━━━ Recorded information

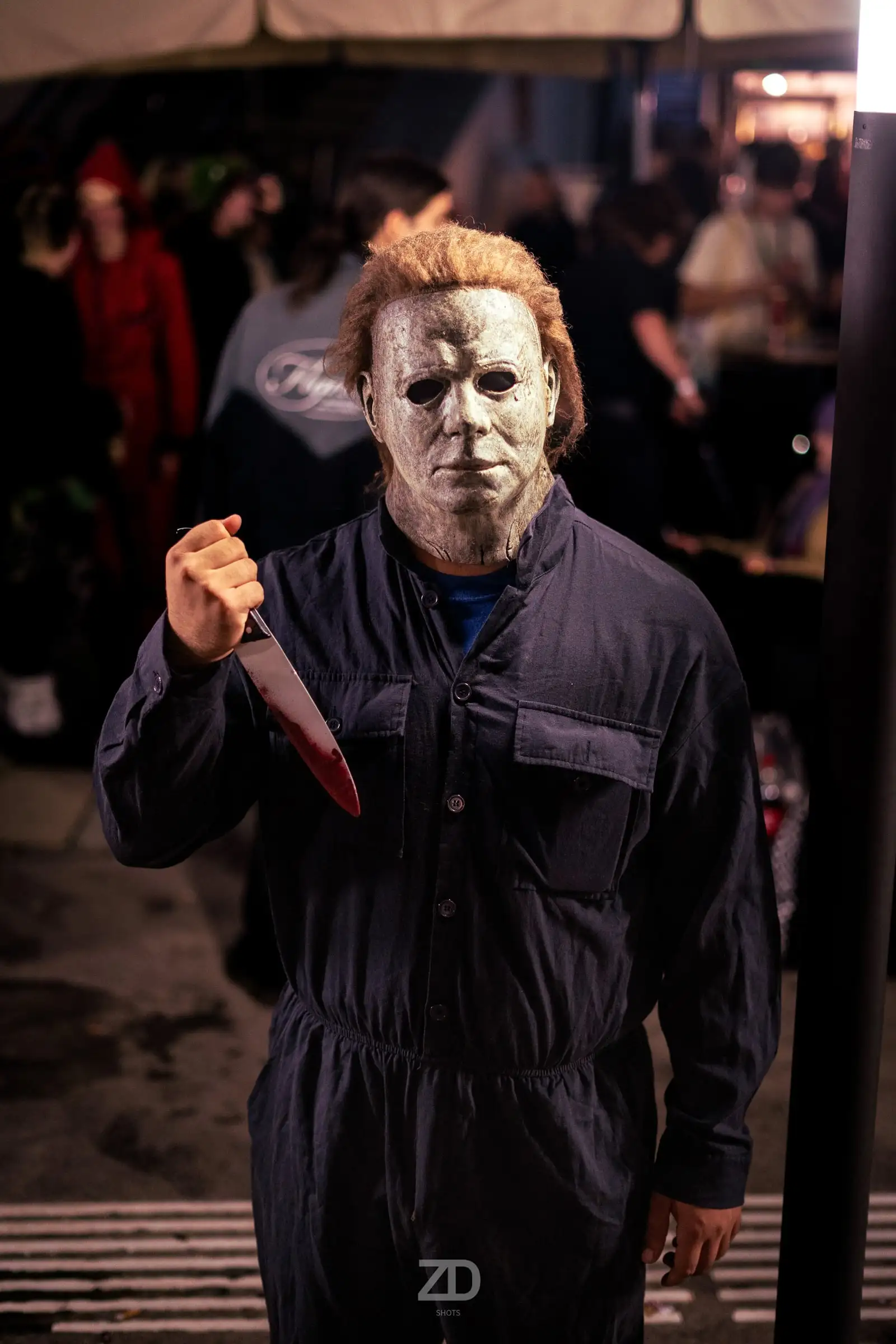 Kostüm mit weißer Maske und Overall in dunkler Umgebung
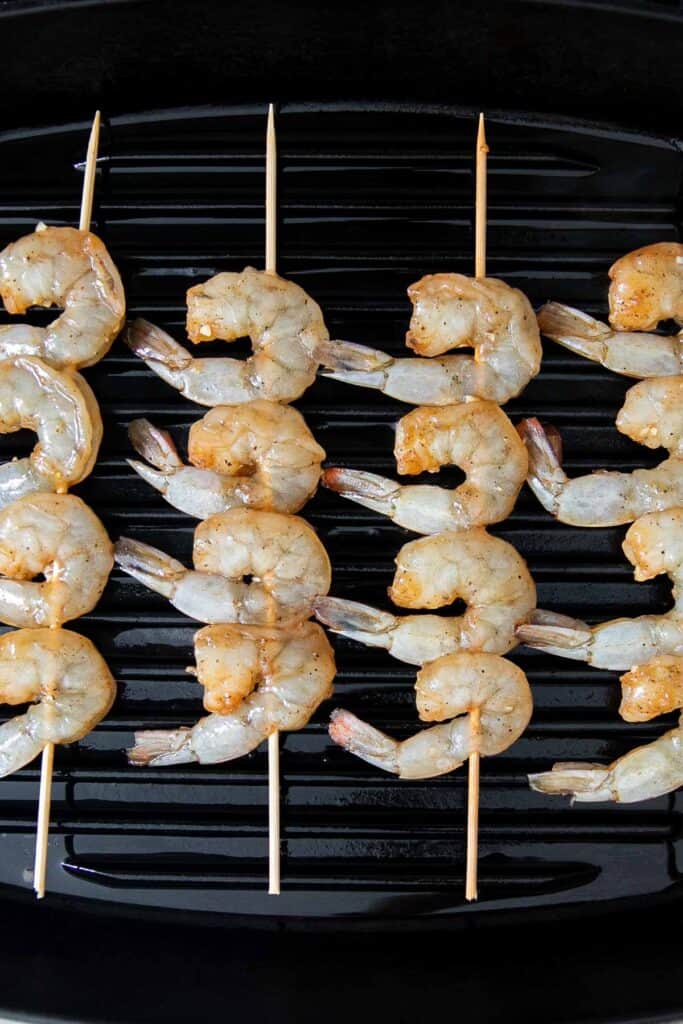 Grilled honey garlic shrimp skewers marinated in a flavorful Asian marinade are sweet and savory, loaded with flavor, and ready in 25 minutes. | aheadofthyme.com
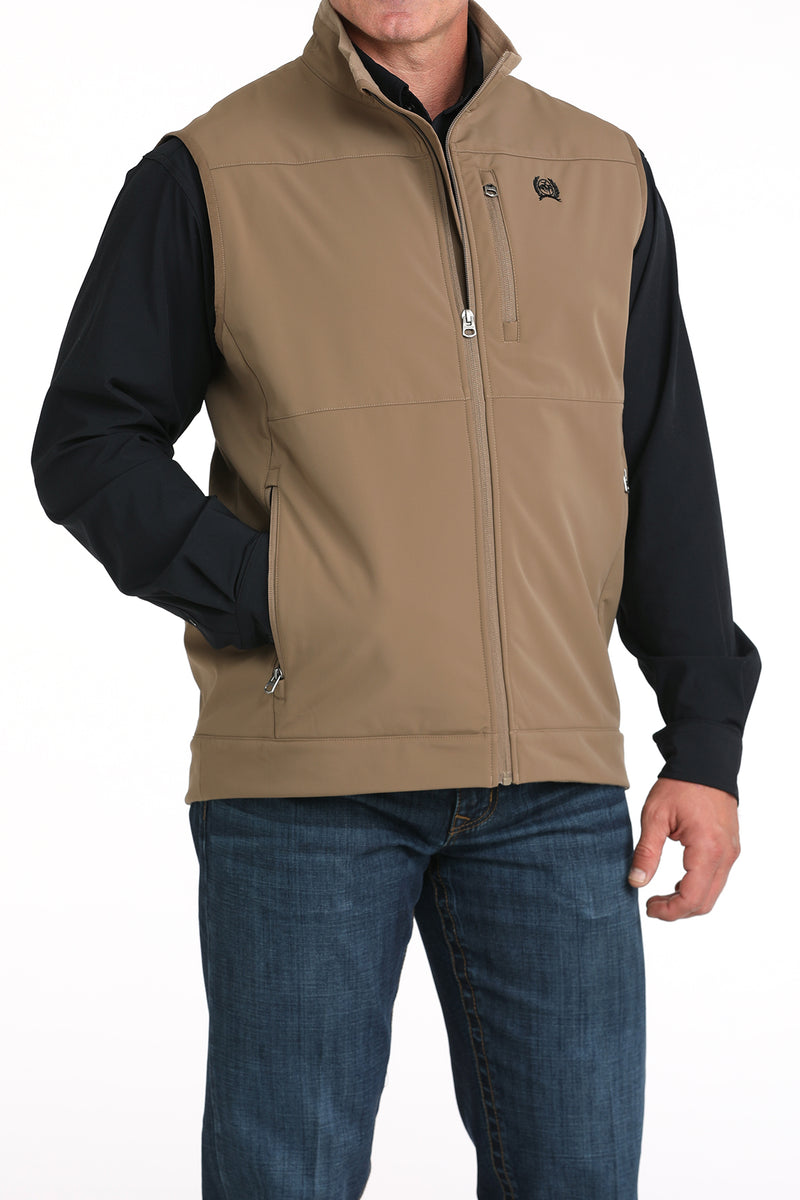 Cinch khaki nylon-spandex ripstop windproof vest. Has full front zipper with lining, slash zippered hand pockets, left chest vertical zippered phone pocket, and black embroidered logo. Hits low hip. Front right view.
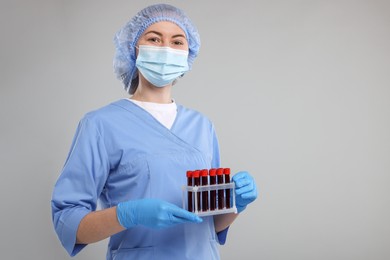Photo of Laboratory testing. Doctor with blood samples in tubes on light grey background, space for text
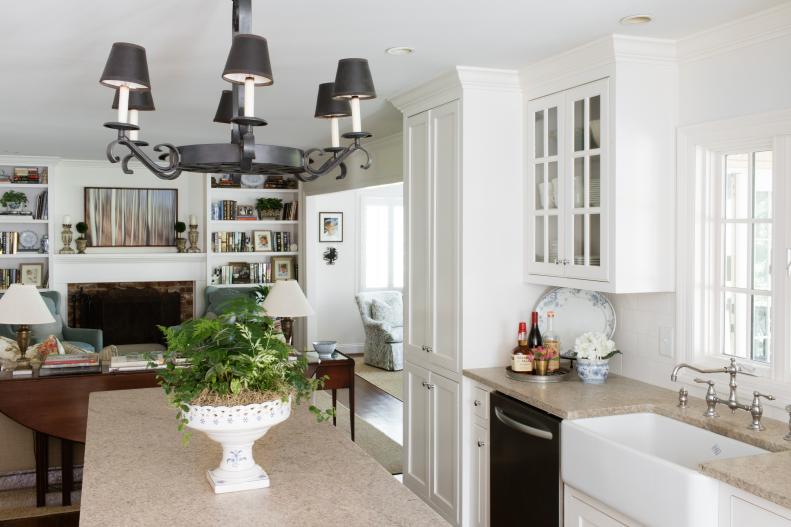 This renovated kitchen features white cabinets and granite counters.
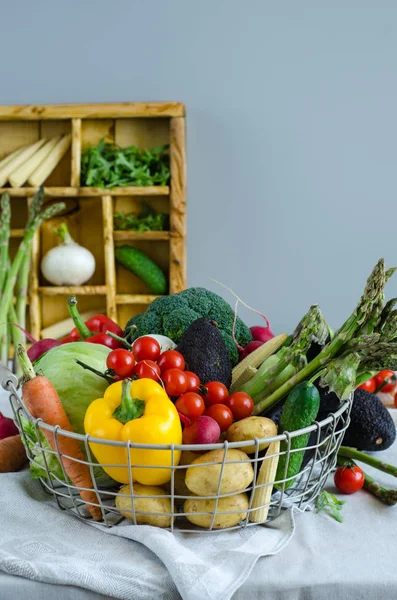 Legume proaspete într-un coș de metal pe masă. Roșii cireșe, sparanghel, broccoli, cartofi, ardei, ridiche, vinete, dovlecei, morcovi și ceapă . — Fotografie, imagine de stoc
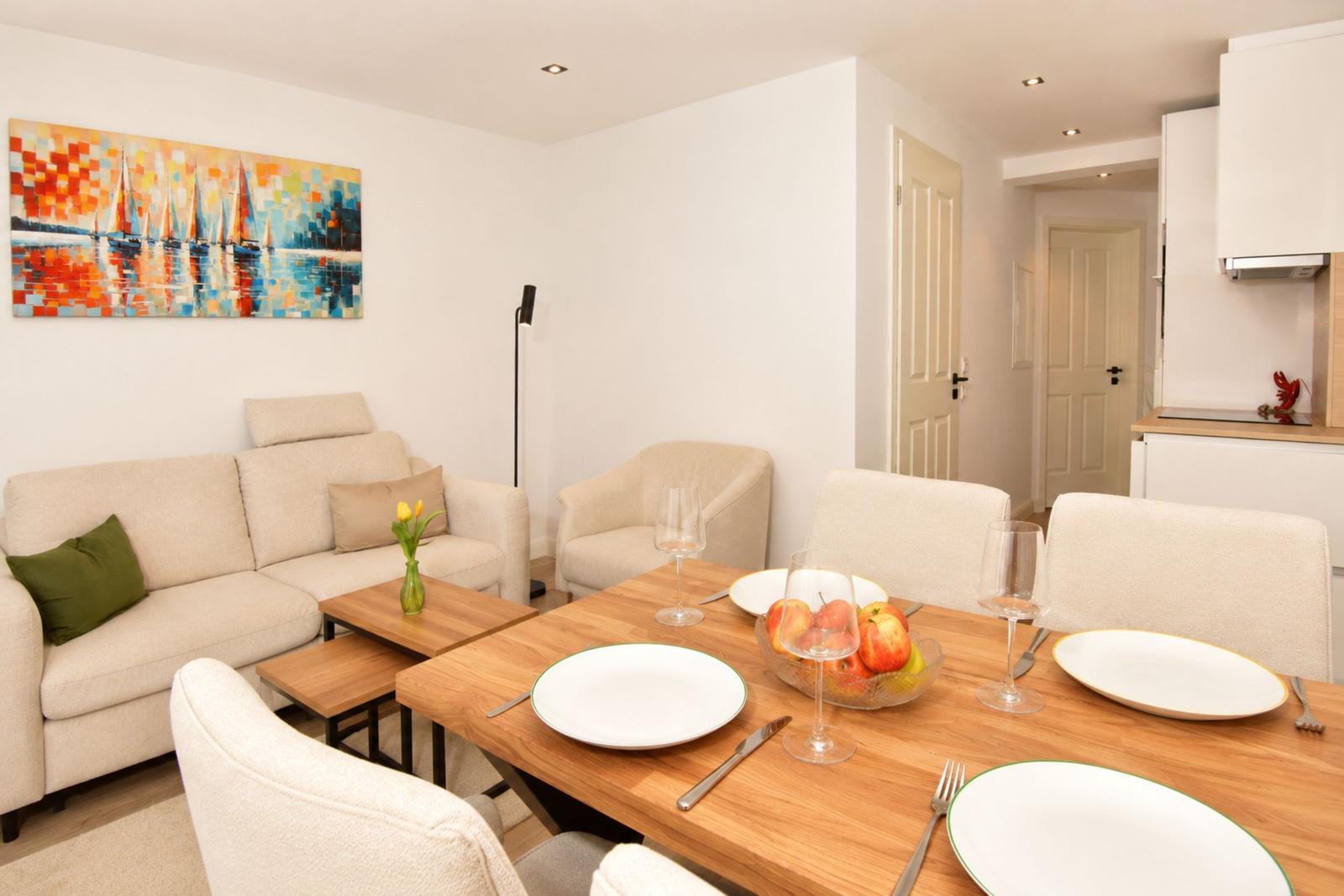Esszimmer mit Holztisch, Stühlen und Früchten. Wohnbereich mit Sofa und Wandbild.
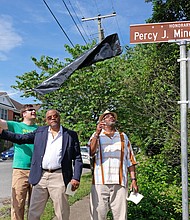 Cityscape- Slices of life and scenes in Richmond/A quartet joins in unveiling a tribute street sign Saturday to the late Percy J. Minor Sr. in honor of his commitment to revitalizing the city’s Swansboro neighborhood. From left, Mr. Minor’s widow, Mozelle Minor; 5th District City Councilman Parker Agelasto; and Mr. Minor’s sons, Percy Minor Jr. and Cecil Minor, remove the covering to reveal the honorary street sign at Bainbridge and 25th streets. Mr. Agelasto proposed the sign to pay tribute Mr. Minor, who advocated for Swansboro as president of the civic association. An ordinance passed by City Council credits Mr. Minor, who died in 2013, with pushing for development of more housing for retirees and other improvements. The ceremony was followed by a neighborhood cleanup led by Mr. Agelasto. (Sandra Sellars/Richmond Free Press)
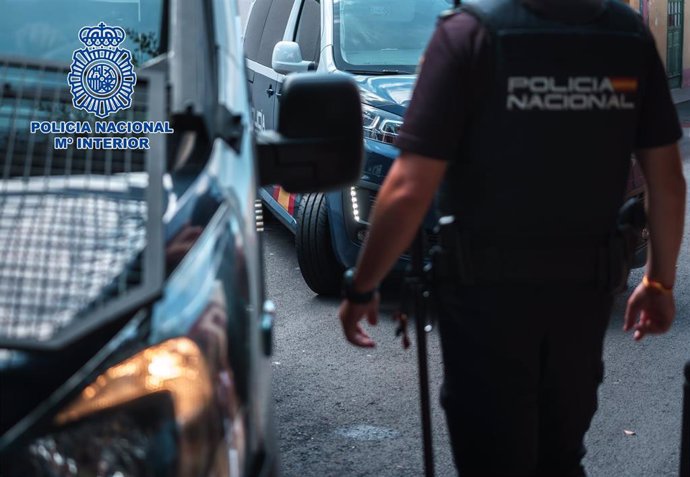 Imagen de archivo de un agente de la Policía Nacional junto a varios vehículos policiales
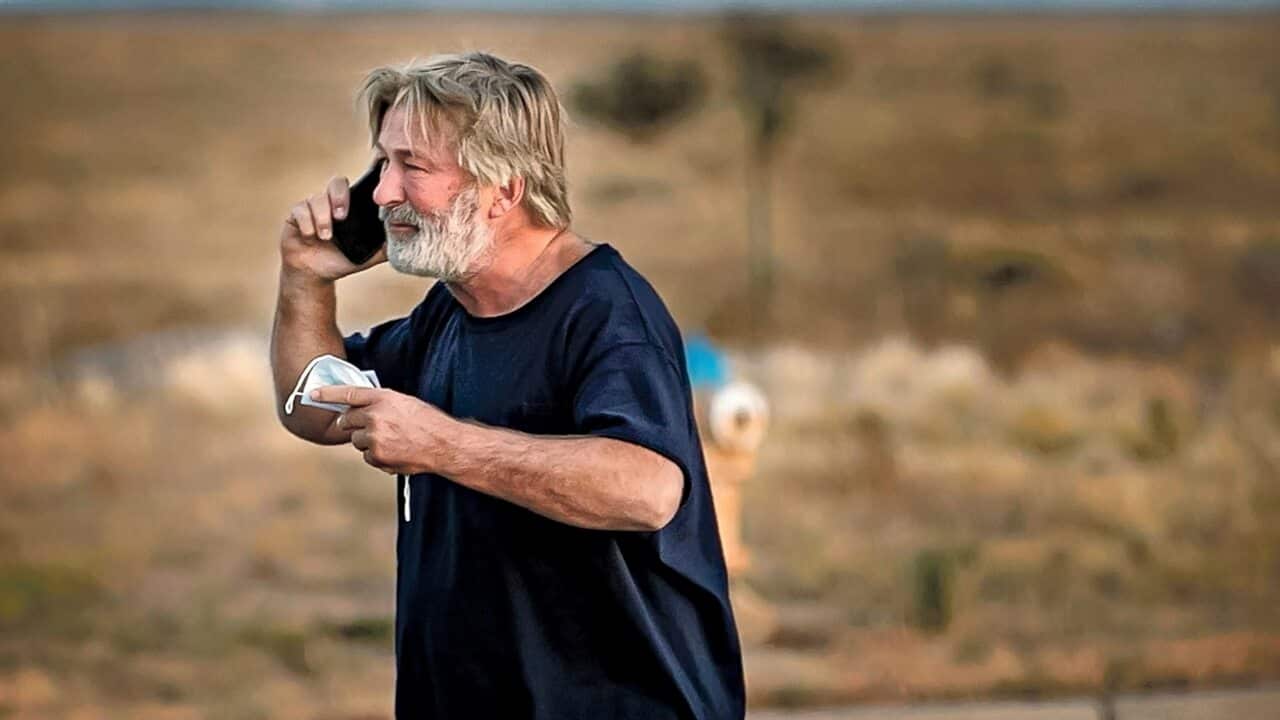 A distraught Alec Baldwin lingers in the parking lot outside the Santa Fe County Sheriff's offices on Camino Justicia after being questioned.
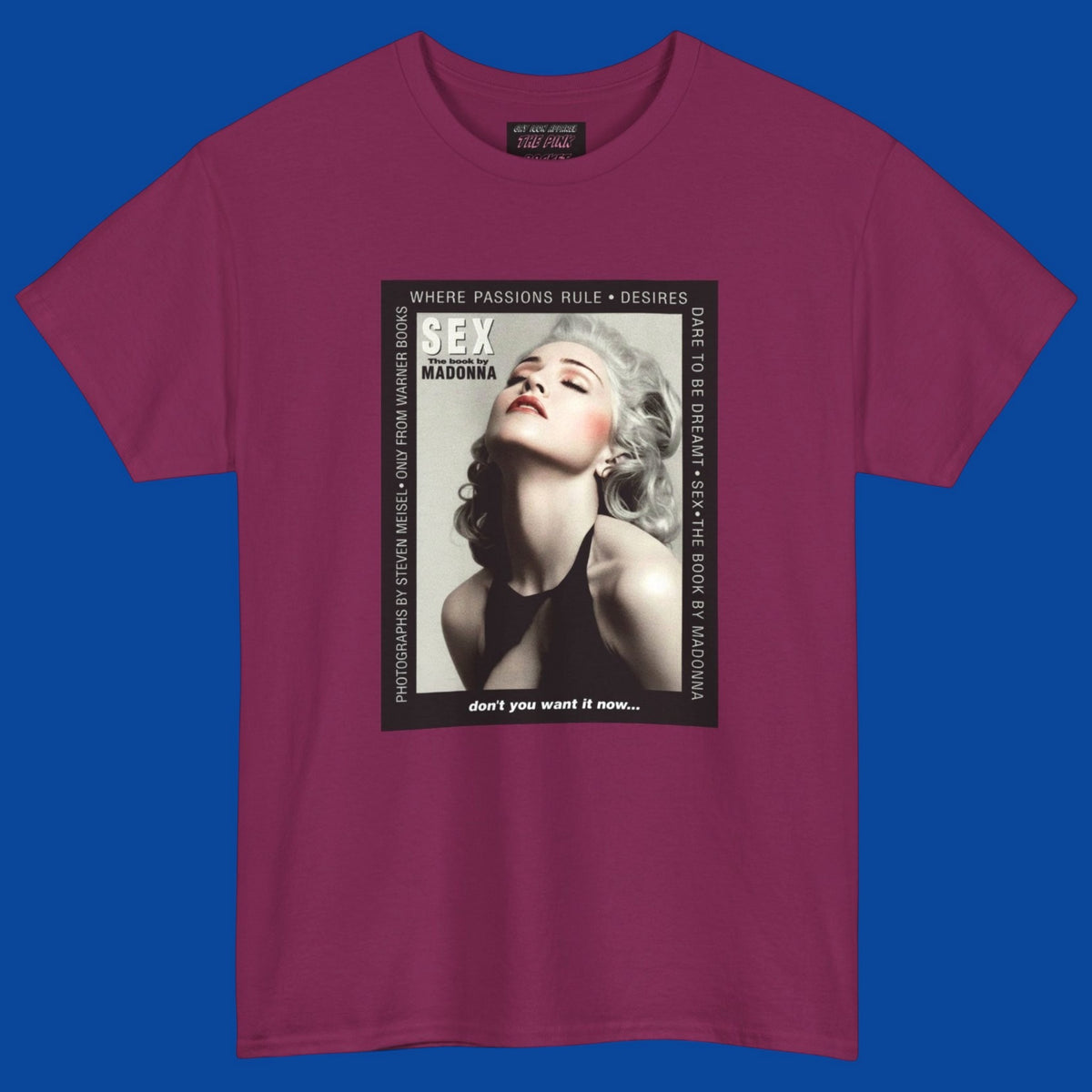 A berry color short-sleeve t-shirt with a large rectangular graphic print on the front of Madonna advertising her 1992 SEX book. Pick it up in The Pink Rocket New Orleans.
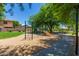 Neighborhood playground includes a playground and a grassy area for children to play at 6461 S Kimberlee Way, Chandler, AZ 85249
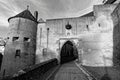 Dark ages castle entry with barbican monochrome image Royalty Free Stock Photo
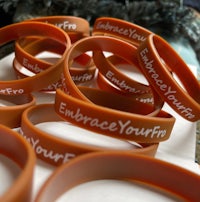 a group of orange wristbands with the words embrace your fp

━━━━━━

Both the line containing "Neighborhood playground includes" and the last line of the records above belong in the exact copy, along with every line between them; pictures do not.

#### Expected answer
 Neighborhood playground includes a playground and a grassy area for children to play at 6461 S Kimberlee Way, Chandler, AZ 85249
 Dark ages castle entry with barbican monochrome image Royalty Free Stock Photo
 a group of orange wristbands with the words embrace your fp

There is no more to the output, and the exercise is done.